Areva CEO Says Japan May Restart Two-Thirds of Nuclear Reactors

Areva SA, the French maker of nuclear reactors, wants to boost safety-equipment sales as the company expects Japan to restart two-thirds of its atomic plants that were idled after the 2011 Fukushima accident.

Half a dozen reactors may restart by the end of this year in addition to the two that resumed operations in 2012, Areva Chief Executive Officer Luc Oursel said at a press conference near Paris today. “I think two-thirds of reactors will restart” within several years.
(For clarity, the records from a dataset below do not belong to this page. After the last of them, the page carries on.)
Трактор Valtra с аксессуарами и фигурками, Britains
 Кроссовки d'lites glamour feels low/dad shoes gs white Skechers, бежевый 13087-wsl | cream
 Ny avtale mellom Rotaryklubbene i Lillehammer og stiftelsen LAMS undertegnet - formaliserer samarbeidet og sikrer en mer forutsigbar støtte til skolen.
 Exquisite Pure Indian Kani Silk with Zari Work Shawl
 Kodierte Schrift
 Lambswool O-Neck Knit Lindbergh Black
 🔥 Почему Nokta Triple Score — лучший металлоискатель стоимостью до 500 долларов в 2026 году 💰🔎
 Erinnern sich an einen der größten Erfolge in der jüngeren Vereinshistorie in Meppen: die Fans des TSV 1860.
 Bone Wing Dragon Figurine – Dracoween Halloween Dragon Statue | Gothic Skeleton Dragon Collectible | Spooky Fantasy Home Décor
Safety authorities are reviewing each site and the work carried out by operators, Oursel said. Areva expects 200 million euros ($260 million) in orders for safety equipment and services this year, up from 150 million euros in 2012, as nuclear operators worldwide respond to demands for higher security from regulators, the CEO said.

Prime Minister Shinzo Abe told the Diet last week he will reopen Japan’s reactors, which once supplied about a third of the country’s electricity, even as the approaching second anniversary of the March 11 quake and subsequent tsunami stir memories of the worst nuclear accident in a quarter of a century.

Areva, which used to supply fuel for Japanese plants before the Fukushima accident, has since sold equipment that transforms hydrogen into water to prevent explosions in case of severe accident, Oursel said. Paris-based Areva and partner Kobe Steel Ltd. have also sold storage casks for spent fuel from the Fukushima reactors to Tokyo Electric Power Co.

“If plants restart as we hope, Japan will recoup a significant place” in Areva’s revenue, Oursel said.

Altogether, Areva is working on 85 safety-enhancement projects with 42 nuclear power producers in 16 countries, Oursel said. It will also seek to help operators extend the lifetime of their plants, the CEO said.